[Dataset records]
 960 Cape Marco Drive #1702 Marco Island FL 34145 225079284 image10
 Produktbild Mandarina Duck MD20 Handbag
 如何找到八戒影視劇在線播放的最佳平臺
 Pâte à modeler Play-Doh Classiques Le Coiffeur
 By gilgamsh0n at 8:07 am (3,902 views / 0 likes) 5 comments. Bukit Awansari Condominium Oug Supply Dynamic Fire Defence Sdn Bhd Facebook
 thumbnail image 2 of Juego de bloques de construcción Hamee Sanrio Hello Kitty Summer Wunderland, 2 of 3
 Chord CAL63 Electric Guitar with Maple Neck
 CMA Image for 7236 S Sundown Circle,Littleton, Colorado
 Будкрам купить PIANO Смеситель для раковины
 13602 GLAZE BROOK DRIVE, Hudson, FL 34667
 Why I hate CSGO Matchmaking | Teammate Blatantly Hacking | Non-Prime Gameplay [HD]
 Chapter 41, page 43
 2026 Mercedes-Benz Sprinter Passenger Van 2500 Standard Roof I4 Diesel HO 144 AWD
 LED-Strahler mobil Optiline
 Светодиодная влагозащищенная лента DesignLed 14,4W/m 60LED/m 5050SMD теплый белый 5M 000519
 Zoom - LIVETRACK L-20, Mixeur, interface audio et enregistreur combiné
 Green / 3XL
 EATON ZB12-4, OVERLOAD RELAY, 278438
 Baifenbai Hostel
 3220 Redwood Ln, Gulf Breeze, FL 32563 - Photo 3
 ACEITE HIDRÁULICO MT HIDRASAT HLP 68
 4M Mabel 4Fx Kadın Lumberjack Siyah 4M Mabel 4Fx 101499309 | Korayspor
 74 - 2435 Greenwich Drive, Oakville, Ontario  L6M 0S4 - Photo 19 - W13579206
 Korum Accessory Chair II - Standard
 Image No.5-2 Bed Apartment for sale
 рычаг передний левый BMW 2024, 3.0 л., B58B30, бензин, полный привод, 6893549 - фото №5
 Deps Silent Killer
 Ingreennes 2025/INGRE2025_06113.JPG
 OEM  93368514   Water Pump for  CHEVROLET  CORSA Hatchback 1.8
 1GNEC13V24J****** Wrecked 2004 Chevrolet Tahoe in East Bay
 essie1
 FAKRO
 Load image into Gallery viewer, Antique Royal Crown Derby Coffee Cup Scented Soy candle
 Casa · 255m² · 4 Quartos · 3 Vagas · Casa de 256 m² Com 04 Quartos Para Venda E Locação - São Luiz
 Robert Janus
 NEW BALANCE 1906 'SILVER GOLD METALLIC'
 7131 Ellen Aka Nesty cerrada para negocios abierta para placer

» ACTIVITY: Scan the records above and show every line in which the word "Photo" occurs.

» REPLY TO THE EXERCISE:
 3220 Redwood Ln, Gulf Breeze, FL 32563 - Photo 3
 74 - 2435 Greenwich Drive, Oakville, Ontario  L6M 0S4 - Photo 19 - W13579206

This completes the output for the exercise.